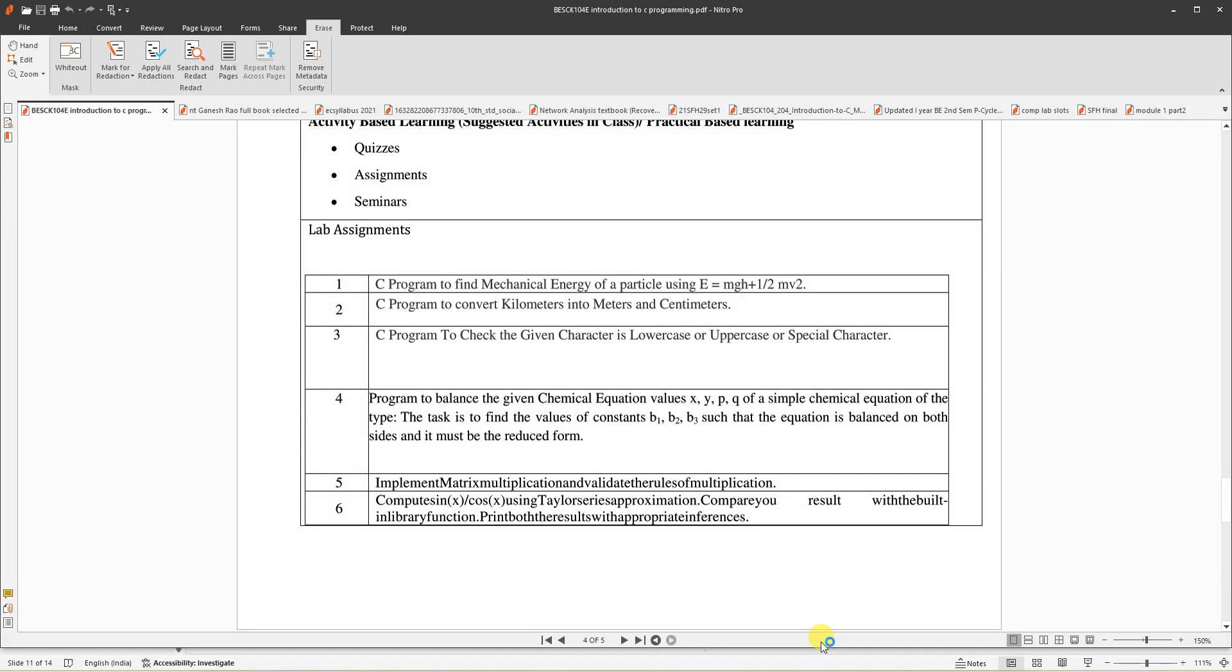I am going to implement computing sine using Taylor series. We are going to write a C program to implement this.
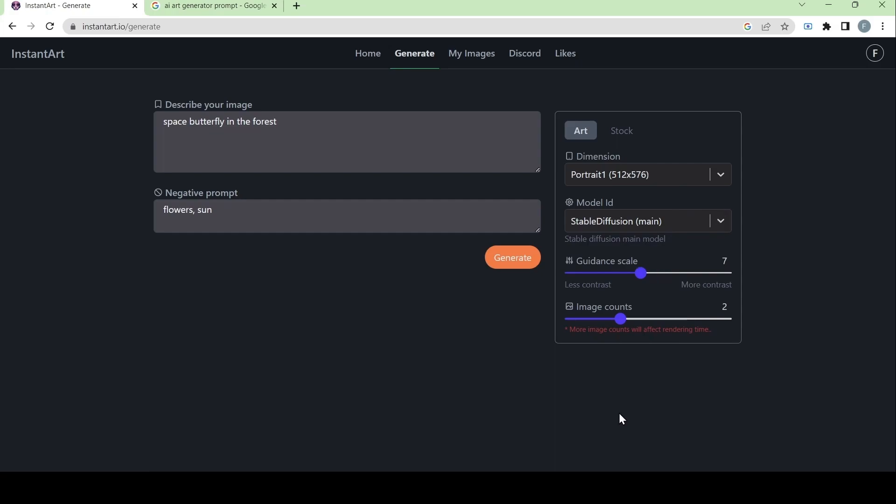And then we have the guidance scale. The guidance scale can be adjusted to how strict we want the AI to follow the prompt we've given. If it's low, then the AI will have more control on the art and won't follow the prompt as much. Whereas if it's high, it will strictly follow the prompt instead. I will be showing both later, but for now, let's set it at a fairly high number like nine.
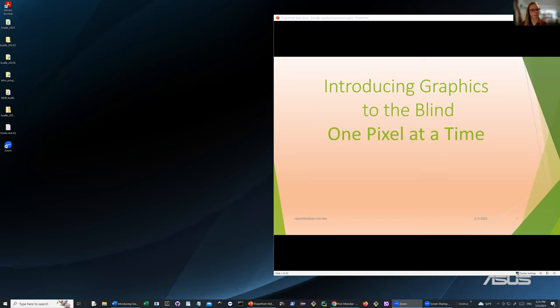We also have a two-part series coming up in June specifically for graphics programming, which is on the calendar right now. That's a little bit about Ray — you don't need to know too much about me because I'm not the star tonight, it's Ray. On that note, I'm going to hand it over to Ray.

Your objective: To complete this exercise, repeat exactly the lines above from the one holding "And then we" to the end of the listing, both included, and leave the pictures out.

Expected answer:
And then we have the guidance scale. The guidance scale can be adjusted to how strict we want the AI to follow the prompt we've given. If it's low, then the AI will have more control on the art and won't follow the prompt as much. Whereas if it's high, it will strictly follow the prompt instead. I will be showing both later, but for now, let's set it at a fairly high number like nine.
We also have a two-part series coming up in June specifically for graphics programming, which is on the calendar right now. That's a little bit about Ray — you don't need to know too much about me because I'm not the star tonight, it's Ray. On that note, I'm going to hand it over to Ray.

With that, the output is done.